I sat for a moment on one of the four wooden chairs. With the sun setting, the yard got suddenly cool. The distant peaks were lacquered with the last rays of the day. From the vantage point I looked at the dizzying path we had ascended along the cliffs of the canyon below. On this narrow trail that had terrified me hours earlier, I could make out a line a cows sauntering home.
Seeing me put on a sweater and my jacket, Jacinta prepared mountain tea from herbs drying in a container by the wall. As I brought the cup to my nose, I was warmed by the wild sage and chamomile. Meanwhile little Nicole brought in kindling and Lucia collected dried cow dung for the cooking stove. The older girls began their homework, standing at the table as we, the guests, were using their chairs. I could hear them practicing English—which shows that they are not as cut off from the world as I had thought: “My name is James and I am going to the supermarket.”
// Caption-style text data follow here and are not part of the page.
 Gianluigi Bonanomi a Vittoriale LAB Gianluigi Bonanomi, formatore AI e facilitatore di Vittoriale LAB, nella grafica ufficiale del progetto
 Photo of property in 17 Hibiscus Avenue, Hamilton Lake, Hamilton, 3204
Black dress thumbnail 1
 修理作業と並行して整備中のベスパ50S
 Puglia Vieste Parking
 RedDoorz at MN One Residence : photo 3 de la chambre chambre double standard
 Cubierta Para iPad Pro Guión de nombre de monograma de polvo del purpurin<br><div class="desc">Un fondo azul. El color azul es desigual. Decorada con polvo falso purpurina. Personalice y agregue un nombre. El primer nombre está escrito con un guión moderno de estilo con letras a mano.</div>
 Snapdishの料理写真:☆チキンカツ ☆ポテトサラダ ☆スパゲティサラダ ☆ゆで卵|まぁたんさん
Growing up in my village, we had no foreign languages in our school, nor a supermarket. Our teachers, a husband and wife, did their best with limited supplies. But they resented having to work in an isolated place. They felt superior and I assumed that they were better than us. Perhaps this is why I didn’t mind, or indeed felt privileged, when my teacher used my sweater to wipe the chalk off her fingers or that we had to line up each week and show her that we had changed our underwear.
When it got dark we were invited to move our chairs to the main room for dinner. Jacinta turned on a light through a rechargeable battery (I never found out how it was charged.) The teenagers served fingerling sweet potatoes that we had never tasted before, followed by a meat stew, and then a soup. Needless to say the portions were huge and everything was prepared at home, except for the bottle of water that had to be transported by mule from Iruya.
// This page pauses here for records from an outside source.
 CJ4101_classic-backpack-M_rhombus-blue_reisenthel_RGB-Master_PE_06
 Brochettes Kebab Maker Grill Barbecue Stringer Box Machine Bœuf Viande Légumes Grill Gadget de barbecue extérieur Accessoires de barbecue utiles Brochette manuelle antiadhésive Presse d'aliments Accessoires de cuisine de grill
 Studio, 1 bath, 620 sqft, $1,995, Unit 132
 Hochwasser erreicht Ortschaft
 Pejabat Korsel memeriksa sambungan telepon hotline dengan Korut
As the family had their meal in the kitchen, we talked to ourselves until Ismael appeared. When the light gave out, he lit candles. Ismael took his reader out of the drawer—which contained a preface by the President of Argentina, Christina Fernández de Kirchner—and began to read stories out loud. His younger sisters joined us, including a neighbor from across the ravine who had made his way in the darkness along the steep trail. I tried to explain to him that we too had had no electricity in our village but our conversation was lost in the reading. Not wanting to take up more of the family’s time, we went to our room. On the back wall I could see a sheet of notebook paper, listing the prices of the room and board.
In the morning after our breakfast, I thanked Jacinta for accepting us as her guests. She was grinding corn for the school’s meal. (Afterwards she no doubt had to wash by hand four sets of sheets and pillowcases.) At that moment one of the teenagers asked if there were eggs for the school breakfast. Jacinta answered that she had given the guests the only three eggs the hens had laid. “Were you comfortable?” she asked. “Was everything ok?” Yes, I assured her. The food was plentiful and delicious. “We will never forget this place,” I told her. Relieved that the visit had gone well, she broke into a smile.
I too had my own worries. “I am sorry that we arrived without warning. And I feel bad that you gave us the eggs intended for the school.” No, no she insisted, the family was pleased to have had us, and the children had enjoyed reading stories.
These were the only words we had exchanged. The lack of time, their need to work, a sense of awkwardness, and differences in class, culture, and experience all divided us like the canyon below the village. There was no opportunity to talk about scythes and winnowing fans. Yet in our farewell I realized that we were both linked by anxiety about the visit—Jacinta that we feel comfortable and I that we were a burden. This was a connection of sorts.